• _WHAT NEEDS TO BE DONE_
Among the entries below, extract exactly the lines that run from the one with "NRS Hydrosilk Long" through the one with "Twisted Cartilage Threader Hoop 14K", both ends included.

• _GIVEN INFORMATION_
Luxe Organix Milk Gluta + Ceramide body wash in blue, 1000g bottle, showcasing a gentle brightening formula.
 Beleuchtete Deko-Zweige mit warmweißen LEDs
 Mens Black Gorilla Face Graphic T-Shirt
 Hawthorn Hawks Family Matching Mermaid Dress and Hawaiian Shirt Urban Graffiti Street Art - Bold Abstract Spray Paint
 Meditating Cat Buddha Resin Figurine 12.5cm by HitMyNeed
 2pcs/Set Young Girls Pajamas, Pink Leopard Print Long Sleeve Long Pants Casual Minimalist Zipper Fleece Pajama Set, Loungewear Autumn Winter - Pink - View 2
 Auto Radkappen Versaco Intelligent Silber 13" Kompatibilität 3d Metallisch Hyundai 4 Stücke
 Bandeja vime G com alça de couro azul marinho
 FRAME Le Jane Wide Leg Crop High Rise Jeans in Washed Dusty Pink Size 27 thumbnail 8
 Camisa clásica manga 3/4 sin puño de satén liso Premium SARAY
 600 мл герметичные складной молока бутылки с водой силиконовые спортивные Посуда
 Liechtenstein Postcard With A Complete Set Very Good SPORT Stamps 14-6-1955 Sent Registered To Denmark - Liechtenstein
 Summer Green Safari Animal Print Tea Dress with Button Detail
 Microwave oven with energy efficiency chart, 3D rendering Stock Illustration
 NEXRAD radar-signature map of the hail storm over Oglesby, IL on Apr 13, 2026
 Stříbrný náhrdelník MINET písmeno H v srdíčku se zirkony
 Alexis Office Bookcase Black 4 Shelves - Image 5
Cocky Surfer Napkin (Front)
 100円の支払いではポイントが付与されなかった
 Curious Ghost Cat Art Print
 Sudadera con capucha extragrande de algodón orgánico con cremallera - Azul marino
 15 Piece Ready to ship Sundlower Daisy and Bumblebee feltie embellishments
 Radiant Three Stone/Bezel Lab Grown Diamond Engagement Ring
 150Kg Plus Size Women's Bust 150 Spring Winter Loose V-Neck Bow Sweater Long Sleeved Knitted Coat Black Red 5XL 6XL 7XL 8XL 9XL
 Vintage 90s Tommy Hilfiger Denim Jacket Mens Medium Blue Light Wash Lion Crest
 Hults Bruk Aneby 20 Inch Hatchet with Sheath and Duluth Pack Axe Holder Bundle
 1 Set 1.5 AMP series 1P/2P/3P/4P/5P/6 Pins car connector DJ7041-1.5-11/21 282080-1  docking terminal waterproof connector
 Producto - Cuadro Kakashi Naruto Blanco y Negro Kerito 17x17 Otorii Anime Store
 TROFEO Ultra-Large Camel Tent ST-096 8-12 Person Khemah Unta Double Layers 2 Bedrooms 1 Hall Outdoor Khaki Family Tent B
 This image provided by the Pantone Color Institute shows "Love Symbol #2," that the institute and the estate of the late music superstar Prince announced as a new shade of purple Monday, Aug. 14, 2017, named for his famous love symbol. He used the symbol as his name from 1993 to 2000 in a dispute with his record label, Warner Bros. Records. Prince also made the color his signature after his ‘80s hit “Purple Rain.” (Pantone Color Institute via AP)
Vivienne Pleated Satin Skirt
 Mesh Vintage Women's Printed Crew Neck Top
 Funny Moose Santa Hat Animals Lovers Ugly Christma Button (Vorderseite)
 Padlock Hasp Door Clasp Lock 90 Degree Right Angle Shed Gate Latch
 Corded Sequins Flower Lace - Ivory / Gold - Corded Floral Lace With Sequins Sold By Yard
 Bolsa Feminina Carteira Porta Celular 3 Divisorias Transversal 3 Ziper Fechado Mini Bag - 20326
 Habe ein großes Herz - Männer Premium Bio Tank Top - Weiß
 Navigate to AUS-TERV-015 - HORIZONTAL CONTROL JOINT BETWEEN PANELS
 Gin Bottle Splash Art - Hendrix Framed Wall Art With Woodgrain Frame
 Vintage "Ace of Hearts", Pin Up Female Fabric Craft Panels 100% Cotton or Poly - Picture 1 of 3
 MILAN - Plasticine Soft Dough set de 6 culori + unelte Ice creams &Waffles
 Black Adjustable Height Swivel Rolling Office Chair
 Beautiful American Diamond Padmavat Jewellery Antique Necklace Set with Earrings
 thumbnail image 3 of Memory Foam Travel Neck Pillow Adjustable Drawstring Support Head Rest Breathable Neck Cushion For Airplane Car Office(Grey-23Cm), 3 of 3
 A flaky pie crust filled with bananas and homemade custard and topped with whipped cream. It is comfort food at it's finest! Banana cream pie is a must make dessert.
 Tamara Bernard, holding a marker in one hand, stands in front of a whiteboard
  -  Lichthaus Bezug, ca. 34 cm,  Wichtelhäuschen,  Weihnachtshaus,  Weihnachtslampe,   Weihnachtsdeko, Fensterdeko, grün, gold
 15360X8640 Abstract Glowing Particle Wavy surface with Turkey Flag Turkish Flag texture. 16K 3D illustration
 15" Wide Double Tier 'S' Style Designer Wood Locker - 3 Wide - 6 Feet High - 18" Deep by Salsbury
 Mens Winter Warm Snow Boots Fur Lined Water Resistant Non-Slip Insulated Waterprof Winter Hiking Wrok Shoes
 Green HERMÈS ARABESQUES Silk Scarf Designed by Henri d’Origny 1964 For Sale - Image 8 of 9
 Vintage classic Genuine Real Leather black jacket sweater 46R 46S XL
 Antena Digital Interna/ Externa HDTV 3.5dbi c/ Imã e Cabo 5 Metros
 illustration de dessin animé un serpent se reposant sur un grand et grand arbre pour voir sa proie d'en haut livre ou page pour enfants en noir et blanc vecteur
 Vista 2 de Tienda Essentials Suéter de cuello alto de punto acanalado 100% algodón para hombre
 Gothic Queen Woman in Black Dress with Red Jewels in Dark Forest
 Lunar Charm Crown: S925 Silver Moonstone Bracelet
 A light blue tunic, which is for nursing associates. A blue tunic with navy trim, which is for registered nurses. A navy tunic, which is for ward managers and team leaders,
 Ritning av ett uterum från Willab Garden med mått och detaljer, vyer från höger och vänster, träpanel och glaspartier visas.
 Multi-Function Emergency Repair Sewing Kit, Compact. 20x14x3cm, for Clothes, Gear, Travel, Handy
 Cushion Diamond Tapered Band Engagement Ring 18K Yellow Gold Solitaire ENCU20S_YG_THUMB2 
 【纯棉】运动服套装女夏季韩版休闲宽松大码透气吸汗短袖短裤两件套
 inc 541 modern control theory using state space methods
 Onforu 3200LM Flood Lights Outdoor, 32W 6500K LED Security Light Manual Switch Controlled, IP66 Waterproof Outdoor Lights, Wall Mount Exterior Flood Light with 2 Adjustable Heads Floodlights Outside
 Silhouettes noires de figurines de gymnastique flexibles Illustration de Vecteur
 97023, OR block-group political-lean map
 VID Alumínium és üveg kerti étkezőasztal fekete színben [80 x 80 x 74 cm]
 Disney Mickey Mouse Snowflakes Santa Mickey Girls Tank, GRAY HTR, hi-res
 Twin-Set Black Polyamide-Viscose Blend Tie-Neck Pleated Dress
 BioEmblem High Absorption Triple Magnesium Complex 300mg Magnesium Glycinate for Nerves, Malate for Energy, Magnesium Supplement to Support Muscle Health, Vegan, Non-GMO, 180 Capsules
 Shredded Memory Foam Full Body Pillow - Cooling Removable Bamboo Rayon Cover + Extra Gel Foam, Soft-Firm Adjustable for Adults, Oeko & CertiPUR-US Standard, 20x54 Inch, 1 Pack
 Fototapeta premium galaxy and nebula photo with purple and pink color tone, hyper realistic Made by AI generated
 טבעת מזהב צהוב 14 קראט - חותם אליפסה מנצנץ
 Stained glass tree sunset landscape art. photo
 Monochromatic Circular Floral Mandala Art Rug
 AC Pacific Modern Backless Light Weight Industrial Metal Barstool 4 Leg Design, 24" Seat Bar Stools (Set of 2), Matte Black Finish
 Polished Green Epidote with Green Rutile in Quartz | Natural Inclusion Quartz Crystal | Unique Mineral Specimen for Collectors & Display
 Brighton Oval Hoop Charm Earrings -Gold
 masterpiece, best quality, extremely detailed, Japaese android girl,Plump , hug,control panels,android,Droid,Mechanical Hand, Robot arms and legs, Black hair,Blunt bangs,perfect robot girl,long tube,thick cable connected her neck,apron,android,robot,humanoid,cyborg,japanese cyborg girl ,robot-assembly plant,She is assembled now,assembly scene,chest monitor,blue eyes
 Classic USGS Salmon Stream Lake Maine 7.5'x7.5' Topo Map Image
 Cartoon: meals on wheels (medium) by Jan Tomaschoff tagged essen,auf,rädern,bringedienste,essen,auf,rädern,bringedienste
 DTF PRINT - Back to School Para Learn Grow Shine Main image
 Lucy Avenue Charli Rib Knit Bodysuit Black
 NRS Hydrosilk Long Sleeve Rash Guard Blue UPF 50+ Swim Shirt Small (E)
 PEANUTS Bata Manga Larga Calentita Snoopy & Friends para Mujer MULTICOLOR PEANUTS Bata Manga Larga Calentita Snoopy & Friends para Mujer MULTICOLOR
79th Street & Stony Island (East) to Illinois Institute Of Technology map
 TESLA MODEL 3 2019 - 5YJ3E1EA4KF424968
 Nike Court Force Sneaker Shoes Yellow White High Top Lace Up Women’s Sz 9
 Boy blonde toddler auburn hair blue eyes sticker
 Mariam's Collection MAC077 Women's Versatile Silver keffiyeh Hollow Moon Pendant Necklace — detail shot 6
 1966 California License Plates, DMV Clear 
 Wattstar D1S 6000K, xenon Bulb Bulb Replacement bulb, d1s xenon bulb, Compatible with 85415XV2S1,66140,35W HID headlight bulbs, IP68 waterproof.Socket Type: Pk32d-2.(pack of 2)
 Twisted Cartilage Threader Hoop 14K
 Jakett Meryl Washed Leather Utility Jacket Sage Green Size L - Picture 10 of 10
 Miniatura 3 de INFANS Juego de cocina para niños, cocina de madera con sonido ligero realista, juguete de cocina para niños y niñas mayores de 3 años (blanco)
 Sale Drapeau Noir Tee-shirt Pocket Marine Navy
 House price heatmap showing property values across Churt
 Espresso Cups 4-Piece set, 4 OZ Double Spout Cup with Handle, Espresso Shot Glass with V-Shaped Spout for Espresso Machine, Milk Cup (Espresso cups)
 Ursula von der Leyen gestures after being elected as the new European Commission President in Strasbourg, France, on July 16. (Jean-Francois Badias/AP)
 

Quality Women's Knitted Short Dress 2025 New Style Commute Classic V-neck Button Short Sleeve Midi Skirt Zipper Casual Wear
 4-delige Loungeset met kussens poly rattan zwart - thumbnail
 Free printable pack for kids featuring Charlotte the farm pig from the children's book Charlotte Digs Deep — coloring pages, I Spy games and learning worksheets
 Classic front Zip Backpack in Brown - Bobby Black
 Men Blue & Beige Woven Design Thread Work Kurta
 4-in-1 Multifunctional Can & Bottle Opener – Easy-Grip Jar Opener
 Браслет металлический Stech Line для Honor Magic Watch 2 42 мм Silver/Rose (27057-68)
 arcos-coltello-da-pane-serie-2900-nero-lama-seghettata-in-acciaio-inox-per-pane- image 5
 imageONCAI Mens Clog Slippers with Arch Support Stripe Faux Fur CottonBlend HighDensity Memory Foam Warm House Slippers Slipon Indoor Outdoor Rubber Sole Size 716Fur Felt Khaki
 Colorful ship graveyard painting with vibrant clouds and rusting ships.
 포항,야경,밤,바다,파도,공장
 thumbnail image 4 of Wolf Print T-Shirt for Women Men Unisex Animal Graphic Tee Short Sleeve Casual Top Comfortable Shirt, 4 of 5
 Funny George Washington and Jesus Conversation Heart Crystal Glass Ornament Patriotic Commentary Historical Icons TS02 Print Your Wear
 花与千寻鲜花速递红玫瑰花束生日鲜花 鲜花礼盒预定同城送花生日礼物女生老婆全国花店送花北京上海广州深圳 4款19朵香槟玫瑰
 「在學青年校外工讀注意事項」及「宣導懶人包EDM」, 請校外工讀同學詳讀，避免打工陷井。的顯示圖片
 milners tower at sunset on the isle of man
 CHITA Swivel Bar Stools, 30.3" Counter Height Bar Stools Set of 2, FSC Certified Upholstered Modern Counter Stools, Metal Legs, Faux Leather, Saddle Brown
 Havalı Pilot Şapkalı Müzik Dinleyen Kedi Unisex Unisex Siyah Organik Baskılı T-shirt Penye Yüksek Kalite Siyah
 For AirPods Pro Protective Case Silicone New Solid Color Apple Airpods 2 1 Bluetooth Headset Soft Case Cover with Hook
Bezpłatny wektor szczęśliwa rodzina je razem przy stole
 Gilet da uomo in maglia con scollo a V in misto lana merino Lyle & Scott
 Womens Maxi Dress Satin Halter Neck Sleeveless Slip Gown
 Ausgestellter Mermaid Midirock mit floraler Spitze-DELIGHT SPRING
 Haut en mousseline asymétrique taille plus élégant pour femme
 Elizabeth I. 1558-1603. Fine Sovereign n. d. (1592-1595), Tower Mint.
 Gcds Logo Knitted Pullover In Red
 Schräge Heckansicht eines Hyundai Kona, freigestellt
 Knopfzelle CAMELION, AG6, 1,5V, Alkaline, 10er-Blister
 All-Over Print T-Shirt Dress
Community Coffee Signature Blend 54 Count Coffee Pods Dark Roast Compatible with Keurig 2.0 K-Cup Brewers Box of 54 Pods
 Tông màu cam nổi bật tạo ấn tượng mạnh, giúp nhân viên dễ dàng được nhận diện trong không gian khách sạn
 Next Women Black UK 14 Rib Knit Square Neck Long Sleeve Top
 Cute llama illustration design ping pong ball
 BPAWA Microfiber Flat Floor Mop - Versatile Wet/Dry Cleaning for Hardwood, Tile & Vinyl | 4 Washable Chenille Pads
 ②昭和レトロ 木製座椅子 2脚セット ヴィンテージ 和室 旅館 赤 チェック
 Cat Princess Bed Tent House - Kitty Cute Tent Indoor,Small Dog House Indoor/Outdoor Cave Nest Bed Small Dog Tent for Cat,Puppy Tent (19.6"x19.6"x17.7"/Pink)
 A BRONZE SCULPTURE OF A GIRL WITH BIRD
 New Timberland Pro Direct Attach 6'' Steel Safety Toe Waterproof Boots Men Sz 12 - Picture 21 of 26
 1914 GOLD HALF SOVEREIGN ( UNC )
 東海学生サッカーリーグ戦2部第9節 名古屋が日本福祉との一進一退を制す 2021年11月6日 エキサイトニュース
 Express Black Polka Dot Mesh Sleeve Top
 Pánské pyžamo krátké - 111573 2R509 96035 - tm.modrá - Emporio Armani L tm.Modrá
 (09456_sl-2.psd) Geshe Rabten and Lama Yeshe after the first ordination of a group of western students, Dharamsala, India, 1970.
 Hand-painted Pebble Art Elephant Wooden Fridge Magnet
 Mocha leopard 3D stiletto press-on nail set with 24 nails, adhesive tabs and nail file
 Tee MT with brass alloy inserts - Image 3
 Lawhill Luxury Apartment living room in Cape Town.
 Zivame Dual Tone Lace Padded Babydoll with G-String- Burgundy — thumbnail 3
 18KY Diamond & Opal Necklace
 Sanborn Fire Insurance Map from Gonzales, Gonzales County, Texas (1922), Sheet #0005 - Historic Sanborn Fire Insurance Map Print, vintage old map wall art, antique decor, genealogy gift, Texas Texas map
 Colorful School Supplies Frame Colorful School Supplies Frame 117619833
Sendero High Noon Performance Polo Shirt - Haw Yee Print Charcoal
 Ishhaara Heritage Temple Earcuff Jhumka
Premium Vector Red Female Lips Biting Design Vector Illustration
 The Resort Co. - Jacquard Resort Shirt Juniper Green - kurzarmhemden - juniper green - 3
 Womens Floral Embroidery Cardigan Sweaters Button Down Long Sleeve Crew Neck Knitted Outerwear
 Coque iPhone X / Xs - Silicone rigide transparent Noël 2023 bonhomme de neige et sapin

• _TASK OUTPUT_
 NRS Hydrosilk Long Sleeve Rash Guard Blue UPF 50+ Swim Shirt Small (E)
 PEANUTS Bata Manga Larga Calentita Snoopy & Friends para Mujer MULTICOLOR PEANUTS Bata Manga Larga Calentita Snoopy & Friends para Mujer MULTICOLOR
79th Street & Stony Island (East) to Illinois Institute Of Technology map
 TESLA MODEL 3 2019 - 5YJ3E1EA4KF424968
 Nike Court Force Sneaker Shoes Yellow White High Top Lace Up Women’s Sz 9
 Boy blonde toddler auburn hair blue eyes sticker
 Mariam's Collection MAC077 Women's Versatile Silver keffiyeh Hollow Moon Pendant Necklace — detail shot 6
 1966 California License Plates, DMV Clear 
 Wattstar D1S 6000K, xenon Bulb Bulb Replacement bulb, d1s xenon bulb, Compatible with 85415XV2S1,66140,35W HID headlight bulbs, IP68 waterproof.Socket Type: Pk32d-2.(pack of 2)
 Twisted Cartilage Threader Hoop 14K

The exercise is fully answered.